Çağ Üniversitesi, Çukurova Üniversitesi, Mersin Üniversitesi ve Atatürk Araştırma Merkezi işbirliği ile Kültür ve Turizm Bakanlığı’nın desteğiyle 16 Şubat 2021 Salı Günü Çağ Üniversitesi’nde düzenlenen “Uluslararası Doğu Akdeniz Güvenlik, Barış ve İstikrar Kongresi”ne katılım sağladık. Kamuoyunun yakından tanıdığı, akademisyenlerin, büyükelçilerin, gazetecilerin ve uzmanlar ile Yunanistan ve İsrail’den de temsilcilerin katıldığı kongreye Sahipkıran Stratejik Araştırmalar Merkezini temsilen; SASAM Uzmanı ve Medya İletişim Sorumlusu Umut Berhan ŞEN, SASAM Hukuk ve İnsan Hakları Masası Direktörü Mehmet Emre YILDIZ ve Sahipkıran Akademi Başkanı Beril KAHRAMAN gözlemci olarak katıldı. Kongre başkanlığını E. Büyükelçi ve Çağ Üniversitesi Uluslararası İlişkiler Bölüm Başkanı Prof. Dr. Ali Engin OBA üstlendi. Ayrıca E. Büyükelçi Tugay ULUÇEVİK, E. Büyükelçi Selahattin ALPAR, E. Amiral Cem GÜRDENİZ, Prof. Dr. Sertaç Hami BAŞARAN, Prof. Dr. Byra REDDY, Dr. Duygu Dersan ORHAN, Doç. Dr. Azime TELLİ, gazeteci yazar Mehmet Ali GÜLER, Yunanistan’dan Dr. Anthony Derizlotis, İsrail Tel Aviv Üniversitesi’nden Dr. Nir Boms gibi isimler kongreye katılım sağladılar.
Kongrede dile getirilen bir takım görüş ve öneriler kısaca şu şekilde özetlenebilir:
-GKRY ve Yunanistan, AB’yi arkasına alarak, Türkiye’yi Antalya- İskenderun körfez hattına hapsetmek istemektedir.
-LİBYA’da hem ideolojik hem reel politik bağlamda bölünmüşlük söz konusudur. RF ve Fransa Hafter’i desteklerken, ABD çekimser davranmaktadır.
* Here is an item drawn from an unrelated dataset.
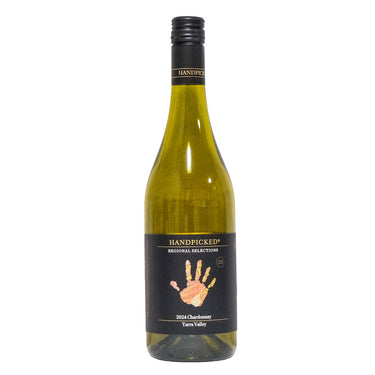 Handpicked Wines Chardonnay 6-Pack Handpicked Wines Regional Selection Yarra Valley Chardonnay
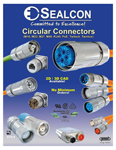Circular Connector Flyer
Bölgesel ve küresel aktörlerin uzlaşması gerekmektedir.
-RUSYA, Almanya ve Fransa’ya karşı Doğu Akdeniz’de Türkiye ile stratejik ortaklık geliştirmek istemektedir.
-Doğu Akdeniz’de Rus yayılmacılığı tehlikesine karşı ABD varlığı bir denge unsuru olarak kullanılabilir.
– Kurulacak ortak bir Balkan Konfederasyonu ile bölgesel istikrara katkı sağlanabilir.
SASAM’ın kongre gündemine ilişkin genel değerlendirmesi ise şu şekildedir:
Türkiye Cumhuriyeti Devleti, Uluslararası Hukuka uygun olarak BM’nin meşru olarak tanıdığı ve desteklediği LİBYA UMH ile münhasır ekonomik bölge antlaşması yapmış ve Mavi Vatan olarak adlandırdığı deniz sınırlarını belirlemiştir. Dolayısıyla mevcut devlet politikalarından taviz verilmesi veya tartışılmaya açılması dahi söz konusu değildir. Bölgedeki tüm aktörlerle ikili ve çok taraflı iyi niyet esasına dayalı ilişkilerin güçlendirilmesi önem taşımaktadır. Ayrıca bir Balkan Konfederasyonu önerisi yerine Gazi Mustafa Kemal ATATÜRK’ün mimarı ve kurucusu olduğu BALKAN PAKTI’nın günümüzde tekrar güncellenerek, Türkiye’nin önerisi ve liderliğinde yeniden tesis edilmesinin ülkemizin milli menfaatleri ve bölgesel güvenlik, barış ve istikrar açısından rasyonel ve faydalı bir çözüm olacağına inanıyoruz.